*What you need to do*: Make an exact copy of the lines from the one containing "14515 Southwest Maverick" through the end of the records below, and leave out every picture.

(Records for the exercise Opens)

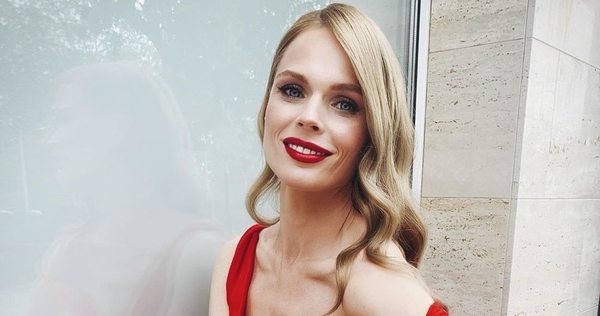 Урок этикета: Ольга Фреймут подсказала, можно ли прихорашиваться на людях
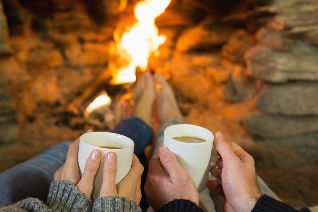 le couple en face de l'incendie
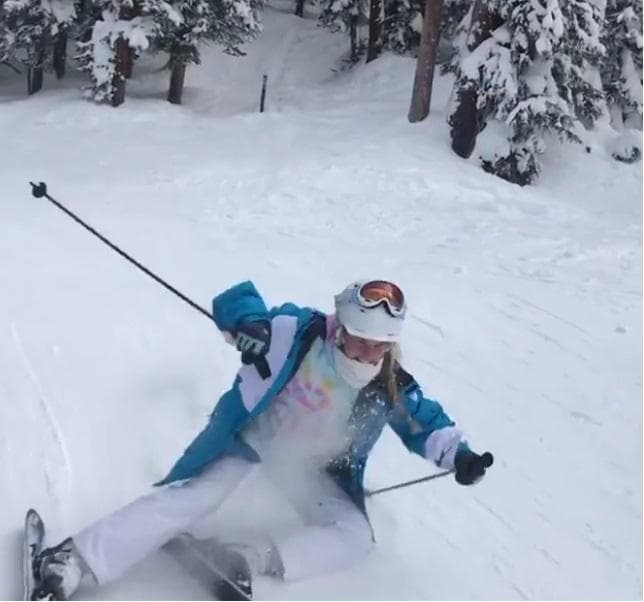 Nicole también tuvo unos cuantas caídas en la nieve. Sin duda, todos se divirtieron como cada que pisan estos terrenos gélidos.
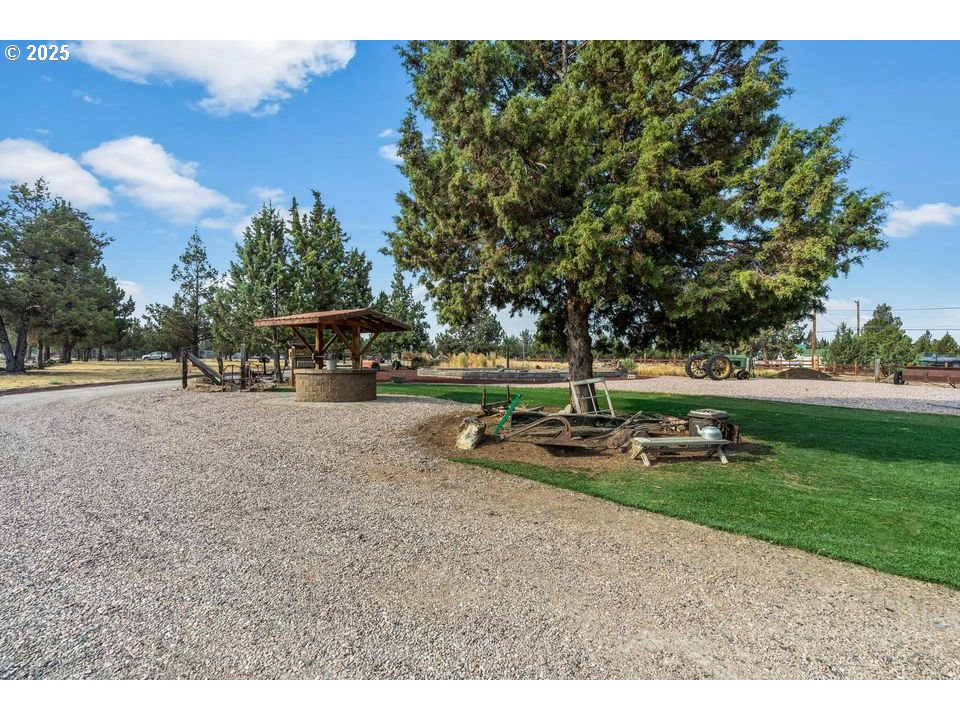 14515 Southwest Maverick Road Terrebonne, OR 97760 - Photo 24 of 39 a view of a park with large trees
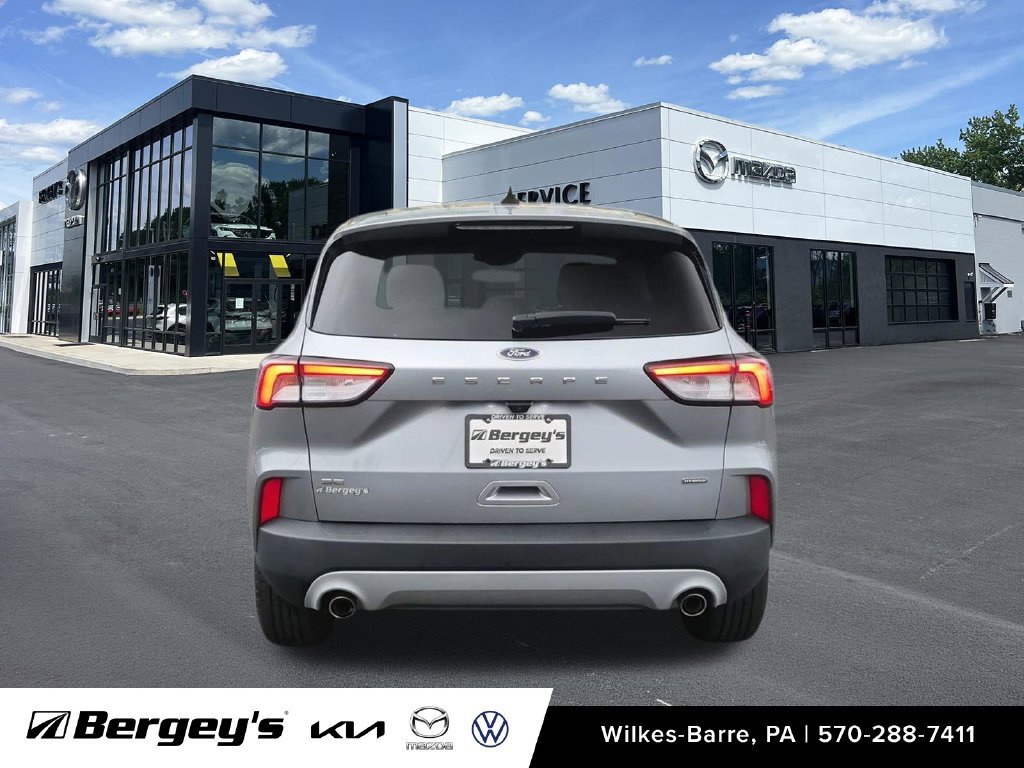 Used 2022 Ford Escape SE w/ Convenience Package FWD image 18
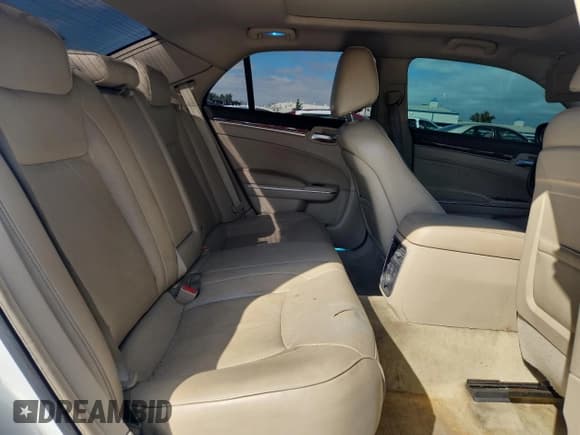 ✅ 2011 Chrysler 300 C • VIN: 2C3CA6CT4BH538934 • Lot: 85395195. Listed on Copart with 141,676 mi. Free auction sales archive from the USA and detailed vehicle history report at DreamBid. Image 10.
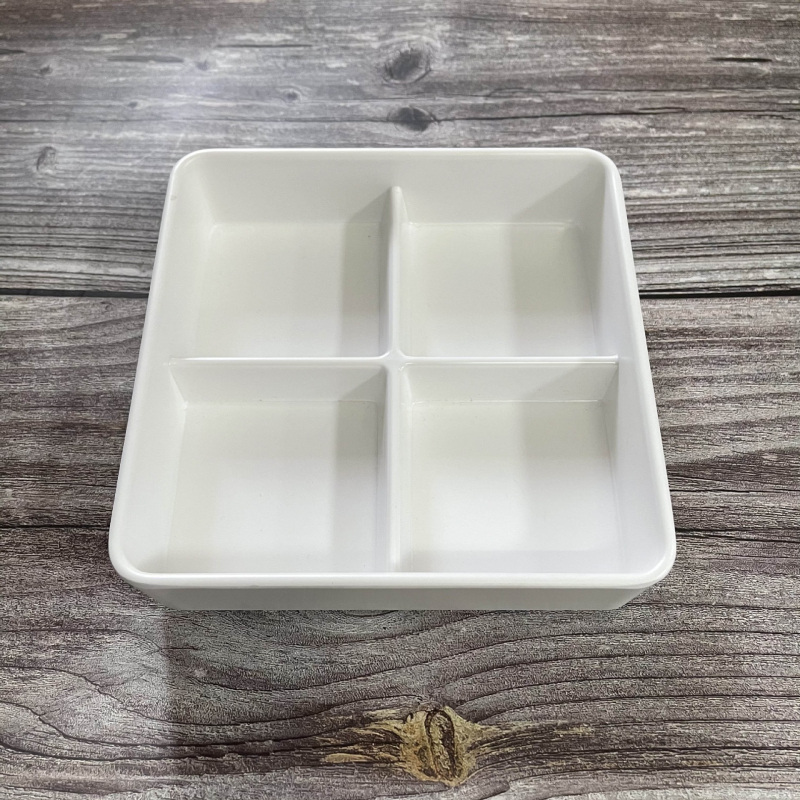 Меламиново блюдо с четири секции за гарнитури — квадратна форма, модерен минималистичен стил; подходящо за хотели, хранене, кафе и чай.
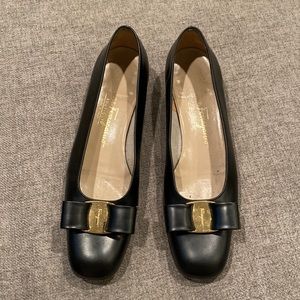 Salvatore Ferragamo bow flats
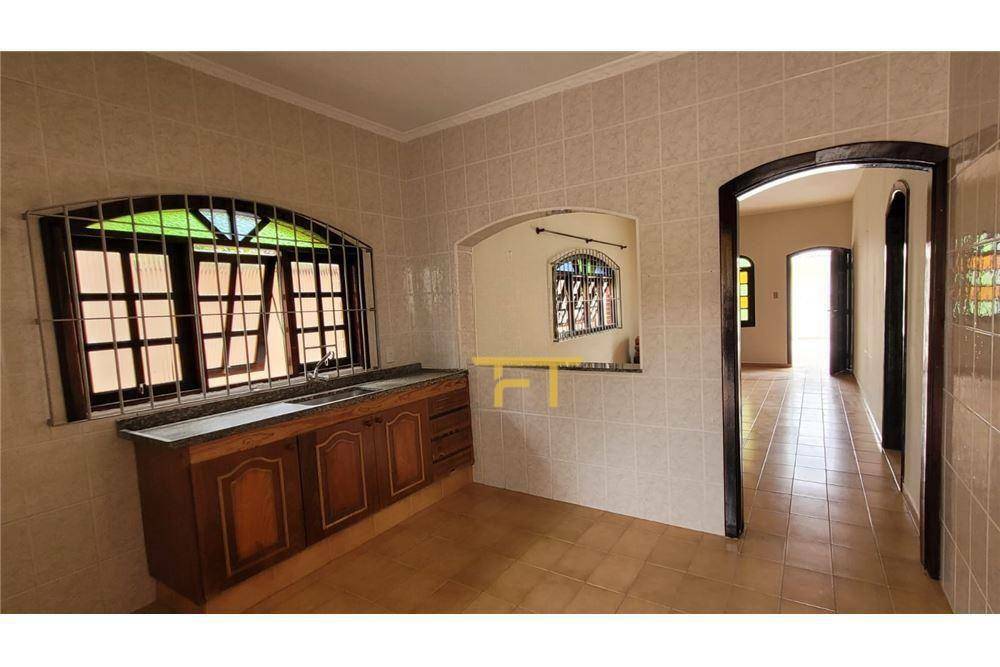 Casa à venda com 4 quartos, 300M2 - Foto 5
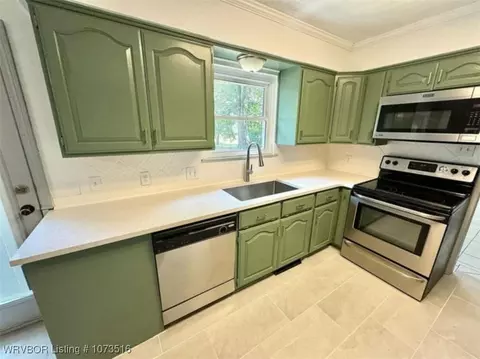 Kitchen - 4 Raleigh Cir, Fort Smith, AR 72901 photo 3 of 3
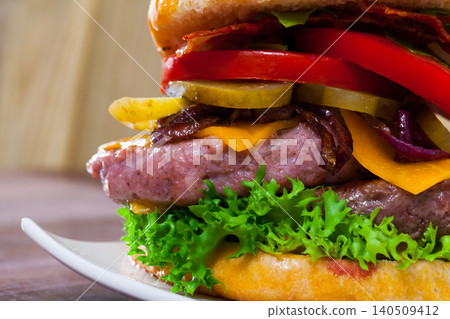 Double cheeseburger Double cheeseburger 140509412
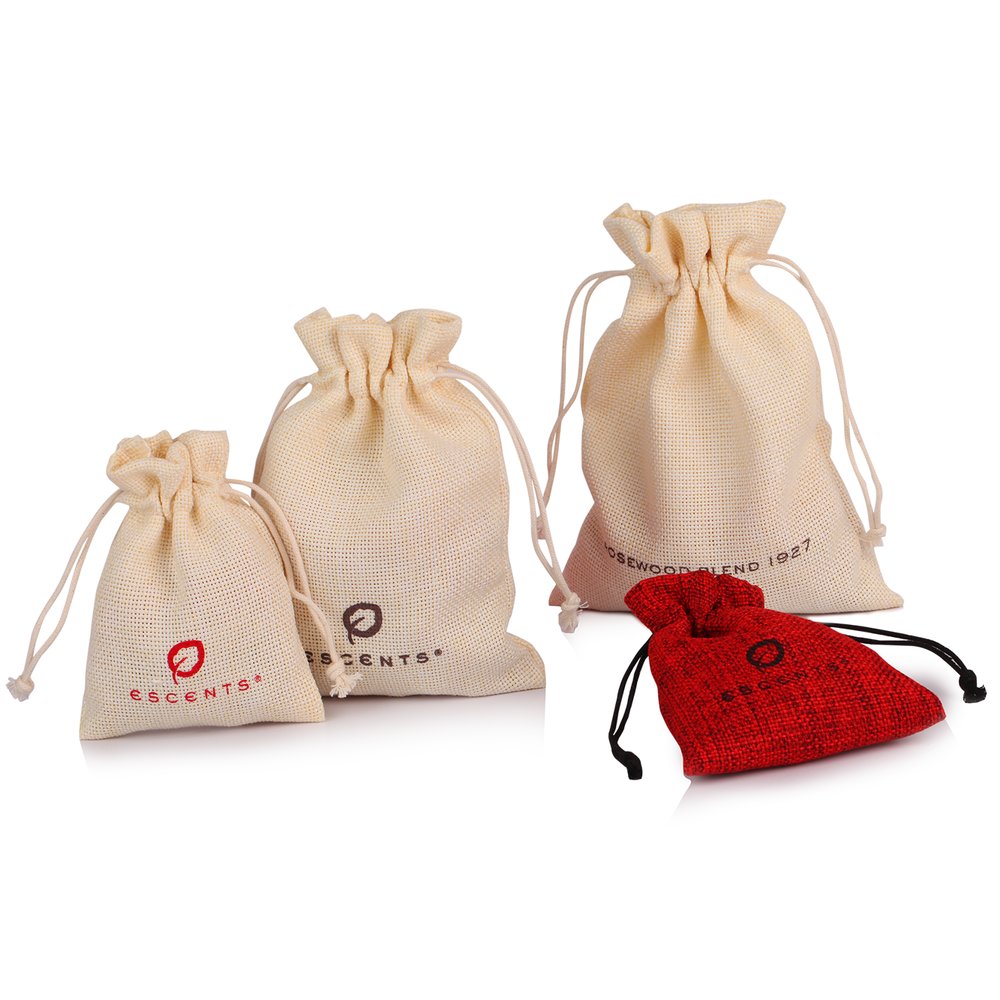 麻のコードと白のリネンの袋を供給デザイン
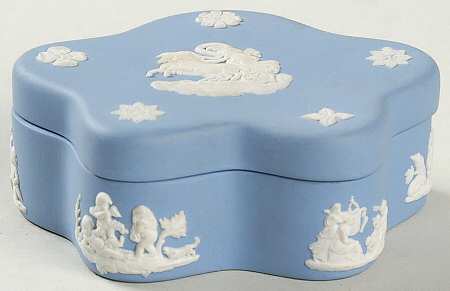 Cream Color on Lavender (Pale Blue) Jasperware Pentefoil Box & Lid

(Records for the exercise Closes)

*Response to the task*:
 14515 Southwest Maverick Road Terrebonne, OR 97760 - Photo 24 of 39 a view of a park with large trees
 Used 2022 Ford Escape SE w/ Convenience Package FWD image 18
 ✅ 2011 Chrysler 300 C • VIN: 2C3CA6CT4BH538934 • Lot: 85395195. Listed on Copart with 141,676 mi. Free auction sales archive from the USA and detailed vehicle history report at DreamBid. Image 10.
 Меламиново блюдо с четири секции за гарнитури — квадратна форма, модерен минималистичен стил; подходящо за хотели, хранене, кафе и чай.
 Salvatore Ferragamo bow flats
 Casa à venda com 4 quartos, 300M2 - Foto 5
 Kitchen - 4 Raleigh Cir, Fort Smith, AR 72901 photo 3 of 3
 Double cheeseburger Double cheeseburger 140509412
 麻のコードと白のリネンの袋を供給デザイン
 Cream Color on Lavender (Pale Blue) Jasperware Pentefoil Box & Lid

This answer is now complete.